I can only imagine what it may have mean to live the rest of their life with such a face.
An American artist, Anna Coleman Ladd, took it upon herself to do something for these people. She created delicate masks that recreated the whole face of the injured and that could be disguised on the person’s face with makeup.
It’s an incredible story, one of the many that we don’t know about WWI.
John Barleycorn Must Die: Today in History, Mock Funerals Took Place Across America as Prohibition Began in Earnest
“On January 17th, 1920, hundreds of fake funerals were held in churches and bars across the country for a man that didn’t exist. John Barleycorn, the anthropomorphic personification of beer and whiskey, was symbolically laid to rest amid cheers and tears at 12:01 AM, January 16th, 1920. These mock funerals saw the actual burial of a bottle effigy, complete with pomp and circumstance. The tone of the ceremony varied widely, however, depending on who was conducting the funeral rites.”
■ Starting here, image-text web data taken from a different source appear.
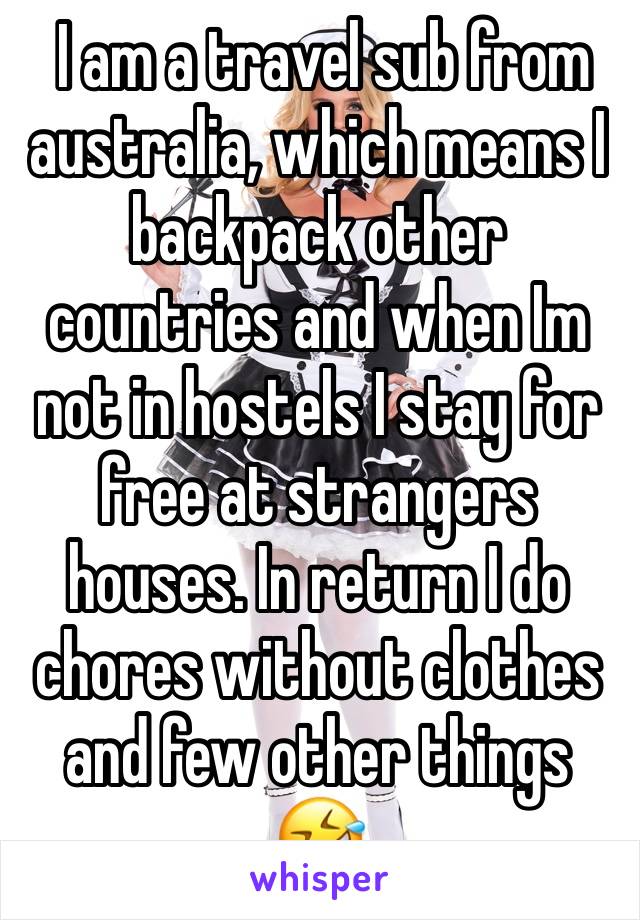  I am a travel sub from australia, which means I backpack other countries and when Im not in hostels I stay for free at strangers houses. In return I do chores without clothes and few other things 🤣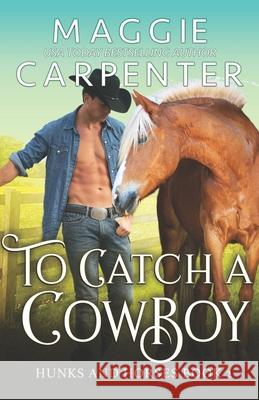 To Catch A Cowboy Maggie Carpenter 9781386575634 Dark Secrets Press - książka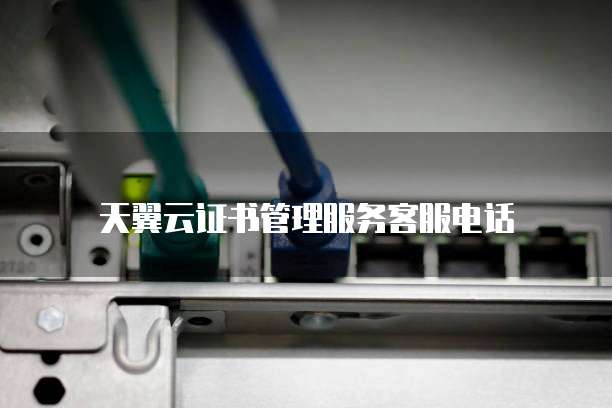 天翼云证书管理服务客服电话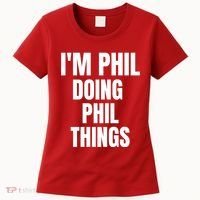 IM Phil Doing Phil Things Women's T-Shirt thumb 0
I’ve always found this part of Prohibition funny. Although I’ve read about it in many book and articles, this is the first time that I read about it in details.
Although in this post author Delynn Royer technically launches her book Good Night, Angela, she also tells of a fascinating place I didn’t even know excisted: the 20th Century Limited. This was an American luxury train, not very different from the European Oriental Express, that travelled from New York City to Chicago. You can see it in the ebove photo… which I have to tell you, is among the most popular photos I’ve ever spotted in the dieselpunk community.
It was nice to learn its history.
The opening scene of A Proposal to Die For came to me in a flash: a lady in evening dress reaching for a golden lighter on a mantelpiece to relight her cigarette and then overhearing a few whispered words coming from behind an opulent Chinese silk screen. A marriage proposal, but in the same breath a reference to someone who would be better dead if the marriage is to work out.
I don’t know about you, but that’s an image that really really intrigues me. So this book goes straight in my TBR list, which is growing allarmingly long (and very much 1920s!) lately.
I met Vivian Conroy on Twitter Where she’s a lively animator of the #WritersWise chats. Do come along next time. It’s fun.
And finally, something that is really only just fun.
Steve Otten is a Düsseldorf-native dancer who has become very popular on the net with his reinvention of dancing moves that – in my opinion – have a lot of the jazz/swing era.
He’s featured in an Italian commercial, that’s how I discovered him. Then I learned of his first commercial for a German company.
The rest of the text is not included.